The book suggests that the struggle over family values exposed a generational gap inside White Christian America itself. Younger white Christians were more likely to accept LGBTQ+ rights and less willing to identify religion with a conservative social program, while older members often interpreted those changes as moral collapse. Jones reads this as another sign that the old world is losing its internal coherence. The conflict over sexuality thus becomes a proxy for the broader collapse of a once-dominant social consensus.

=== Race and segregation ===
Race is central to Jones’s argument, not incidental. He repeatedly stresses that White Christian America’s power was built in part through accommodation to slavery and, later, toleration or defense of segregation. The book argues that the moral authority of white Protestantism was compromised from within by racial exclusion, even as its institutions helped define American public life. This history matters because the decline of White Christian America is also the decline of an order that never fully faced its own racial legacy.

Jones connects this legacy to contemporary racial conflict, especially white reactions to police violence and black protest movements. He argues that many white Christians interpreted such events as isolated incidents, while nonwhite Americans saw them as part of a broader structure of injustice. The result is a widening gap in moral perception, one that cannot be explained simply by partisanship. In his telling, the end of White Christian America requires white Christians to confront the racial history that sustained their former dominance.
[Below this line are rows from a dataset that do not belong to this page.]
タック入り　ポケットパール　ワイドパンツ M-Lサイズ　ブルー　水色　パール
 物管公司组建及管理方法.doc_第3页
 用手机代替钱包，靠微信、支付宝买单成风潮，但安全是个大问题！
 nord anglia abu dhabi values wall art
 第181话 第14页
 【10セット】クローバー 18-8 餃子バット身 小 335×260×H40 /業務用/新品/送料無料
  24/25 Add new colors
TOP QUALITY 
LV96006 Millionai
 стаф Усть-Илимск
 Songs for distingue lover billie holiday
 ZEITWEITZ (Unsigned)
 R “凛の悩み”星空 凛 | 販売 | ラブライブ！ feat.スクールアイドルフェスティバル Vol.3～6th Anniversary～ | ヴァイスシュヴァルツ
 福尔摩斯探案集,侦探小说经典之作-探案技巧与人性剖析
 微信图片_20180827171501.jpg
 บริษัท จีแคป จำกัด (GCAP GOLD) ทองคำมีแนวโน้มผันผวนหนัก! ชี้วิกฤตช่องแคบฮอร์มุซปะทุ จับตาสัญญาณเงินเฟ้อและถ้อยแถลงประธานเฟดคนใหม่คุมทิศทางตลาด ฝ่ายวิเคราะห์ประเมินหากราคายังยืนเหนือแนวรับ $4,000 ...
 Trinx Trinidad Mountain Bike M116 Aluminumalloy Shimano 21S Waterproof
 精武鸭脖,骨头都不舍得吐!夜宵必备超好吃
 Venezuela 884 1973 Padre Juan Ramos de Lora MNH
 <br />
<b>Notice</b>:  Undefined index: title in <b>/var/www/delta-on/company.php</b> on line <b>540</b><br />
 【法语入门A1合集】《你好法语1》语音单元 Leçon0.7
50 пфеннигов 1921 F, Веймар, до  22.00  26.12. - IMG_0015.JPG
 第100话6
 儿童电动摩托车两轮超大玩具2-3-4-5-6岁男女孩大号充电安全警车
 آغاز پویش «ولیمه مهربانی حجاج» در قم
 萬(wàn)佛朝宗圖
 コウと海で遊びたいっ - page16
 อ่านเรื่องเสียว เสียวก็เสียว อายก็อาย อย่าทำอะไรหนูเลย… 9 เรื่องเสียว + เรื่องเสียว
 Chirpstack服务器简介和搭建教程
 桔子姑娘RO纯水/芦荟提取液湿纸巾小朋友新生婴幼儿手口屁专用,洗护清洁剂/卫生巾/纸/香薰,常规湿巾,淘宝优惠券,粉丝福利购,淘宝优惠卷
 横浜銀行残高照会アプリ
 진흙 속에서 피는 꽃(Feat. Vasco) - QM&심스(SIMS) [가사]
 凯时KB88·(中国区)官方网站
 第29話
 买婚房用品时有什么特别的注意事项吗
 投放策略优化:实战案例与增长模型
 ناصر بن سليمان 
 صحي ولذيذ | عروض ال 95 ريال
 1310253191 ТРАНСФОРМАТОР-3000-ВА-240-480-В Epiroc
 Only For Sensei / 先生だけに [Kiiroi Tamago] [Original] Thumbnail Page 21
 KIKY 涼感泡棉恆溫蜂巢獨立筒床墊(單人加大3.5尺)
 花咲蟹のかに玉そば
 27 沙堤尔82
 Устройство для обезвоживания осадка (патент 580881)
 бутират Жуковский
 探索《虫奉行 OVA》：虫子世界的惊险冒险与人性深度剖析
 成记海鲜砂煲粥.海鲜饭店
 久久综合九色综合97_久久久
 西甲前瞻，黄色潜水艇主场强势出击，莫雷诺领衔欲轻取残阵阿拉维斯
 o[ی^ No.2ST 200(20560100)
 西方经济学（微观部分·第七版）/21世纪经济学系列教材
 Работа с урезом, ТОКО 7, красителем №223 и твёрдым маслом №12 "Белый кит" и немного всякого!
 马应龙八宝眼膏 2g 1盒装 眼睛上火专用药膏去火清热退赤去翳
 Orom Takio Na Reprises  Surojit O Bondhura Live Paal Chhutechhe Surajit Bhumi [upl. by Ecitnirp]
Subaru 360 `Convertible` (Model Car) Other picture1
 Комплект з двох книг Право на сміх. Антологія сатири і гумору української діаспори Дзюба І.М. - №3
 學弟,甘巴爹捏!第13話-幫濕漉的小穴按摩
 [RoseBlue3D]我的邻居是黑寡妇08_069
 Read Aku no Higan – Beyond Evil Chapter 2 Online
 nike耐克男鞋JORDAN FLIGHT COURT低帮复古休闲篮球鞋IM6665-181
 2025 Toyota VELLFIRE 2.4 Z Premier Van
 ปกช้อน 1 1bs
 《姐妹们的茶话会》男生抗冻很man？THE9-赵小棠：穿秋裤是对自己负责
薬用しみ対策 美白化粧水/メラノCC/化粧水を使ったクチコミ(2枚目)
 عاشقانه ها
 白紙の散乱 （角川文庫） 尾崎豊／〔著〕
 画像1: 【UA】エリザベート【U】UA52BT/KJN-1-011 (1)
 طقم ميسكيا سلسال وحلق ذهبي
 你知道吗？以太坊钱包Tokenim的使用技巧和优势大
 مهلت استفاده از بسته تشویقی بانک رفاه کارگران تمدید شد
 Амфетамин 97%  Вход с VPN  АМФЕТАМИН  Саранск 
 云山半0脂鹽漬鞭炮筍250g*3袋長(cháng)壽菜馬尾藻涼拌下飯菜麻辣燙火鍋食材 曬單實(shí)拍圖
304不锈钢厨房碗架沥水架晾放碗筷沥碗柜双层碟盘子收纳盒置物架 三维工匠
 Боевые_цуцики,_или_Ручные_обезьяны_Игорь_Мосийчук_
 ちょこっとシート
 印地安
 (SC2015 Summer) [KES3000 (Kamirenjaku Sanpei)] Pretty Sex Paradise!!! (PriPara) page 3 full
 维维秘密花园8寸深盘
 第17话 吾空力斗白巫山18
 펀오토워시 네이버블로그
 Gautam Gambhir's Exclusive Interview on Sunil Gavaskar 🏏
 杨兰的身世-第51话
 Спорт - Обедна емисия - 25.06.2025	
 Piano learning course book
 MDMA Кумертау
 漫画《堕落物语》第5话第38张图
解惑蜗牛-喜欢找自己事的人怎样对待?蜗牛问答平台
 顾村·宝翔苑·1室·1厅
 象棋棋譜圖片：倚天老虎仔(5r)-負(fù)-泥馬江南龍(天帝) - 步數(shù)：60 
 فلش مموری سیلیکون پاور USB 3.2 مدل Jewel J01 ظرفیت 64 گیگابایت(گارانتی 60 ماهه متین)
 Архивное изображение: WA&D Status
=== The Book's Conclusion ===
Jones does not write as a celebrant of White Christian America’s fall. Instead, he presents the transition as morally serious and politically consequential. His closing claim is that white Christians face a choice: they can retreat into defensive enclaves and continue “defensive offensives,” or they can adapt by entering a more pluralistic America with humility and coalition-building. He suggests that the descendants of White Christian America will remain influential, but their influence will depend on partnership rather than presumed authority.

The final finding is therefore prospective as much as retrospective. Jones argues that the country’s new religious landscape is more diverse, more secular, and less organized around white Protestant assumptions than at any time in American history. That transformation has already changed politics, public morality, and institutional life, and it will continue to do so. The book’s main conclusion is that the era when white Protestants could assume they were the nation’s default cultural managers is over.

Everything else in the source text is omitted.